Speaking of planted, earlier today, I literally had a Hey-Kids-Get-Off-My-Lawn experience. I left my house around 3:00 pm to enjoy my very last mid-afternoon gym excursion to find two skanked-out hos my neighbors from next door sunbathing on my lawn as if they lived here. One of them asked me if our house was an apartment or a house. I told her it was a house in my very best baffled old lady tone. I guess they were banking on it being an apartment and me thinking they also lived in the building? They promised to leave soon. I scowled and skulked off, not sure what about the situation bothered me other than the fact that it's simply wrong to camp out on another person's lawn without permission. I guess it was their sense of entitlement that bothered me the most.
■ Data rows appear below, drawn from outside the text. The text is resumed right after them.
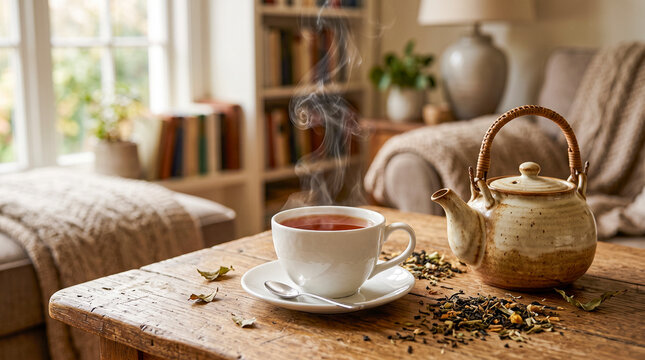 Mockup ultra realista de una taza de porcelana blanca con t&eacute; caliente y delicado vapor, colocada sobre una mesa de madera junto a una tetera de cer&aacute;mica y hojas secas. Fondo desenfocado.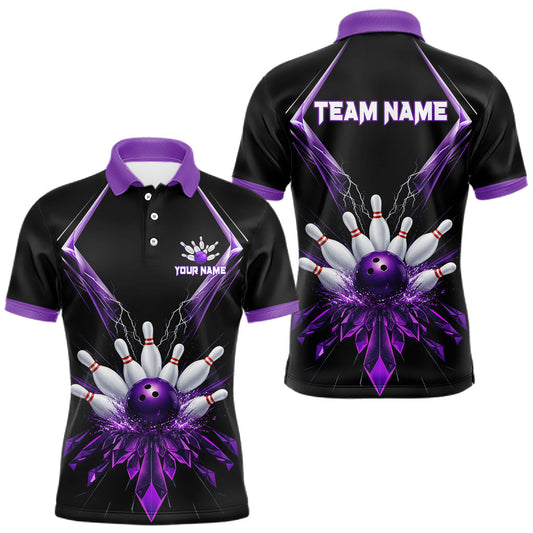 Maxcorners Custom Purple Bowling Jersey For Men, Crystal Lightning Bowling League Shirt Team Polo & 1/4 Zip LM2704
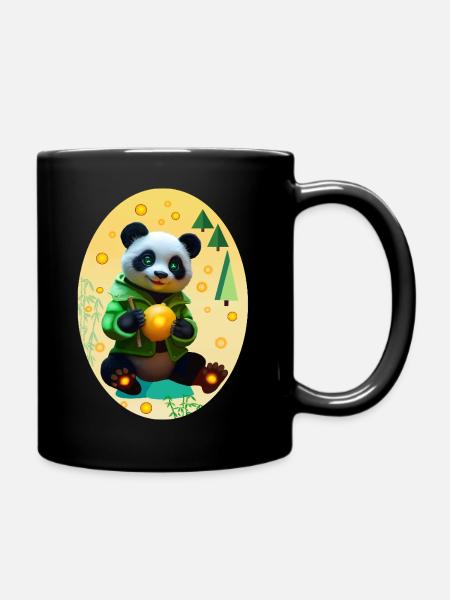 Cyber panda avec citron néon - Mug uni - noir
I later related the story to A, mostly to confirm that it's not okay to sunbathe on a stranger's front lawn. She said it might be if you brought beers or wine with you to share with the home's occupants. Note to my neighbors from next door: Next time bring beers with you. I prefer Sierra Nevada, but anything a notch above Miller Light will do, as long as it's not darker than a Porter.
And on that note I am off to prettify for dinner.
In the comments section suggest some names for my new plants.
Strangers sunbathing on your lawn?! That's just nuts. Who does that? I totally agree with plant-naming, however.
Posted by: Kristin | April 19, 2008 at 06:29 PM
I nominate: Jimi, Keith Moon, and Frank Zappa.
Posted by: Michael J. West | April 21, 2008 at 06:42 AM
The one on the left is Tina Turner. The one in the middle is Janis Joplin. The one on the right with the beehive is Aretha Franklin. Turns out they're all lady succulents.
Can you tell that I am supposed to be working right now?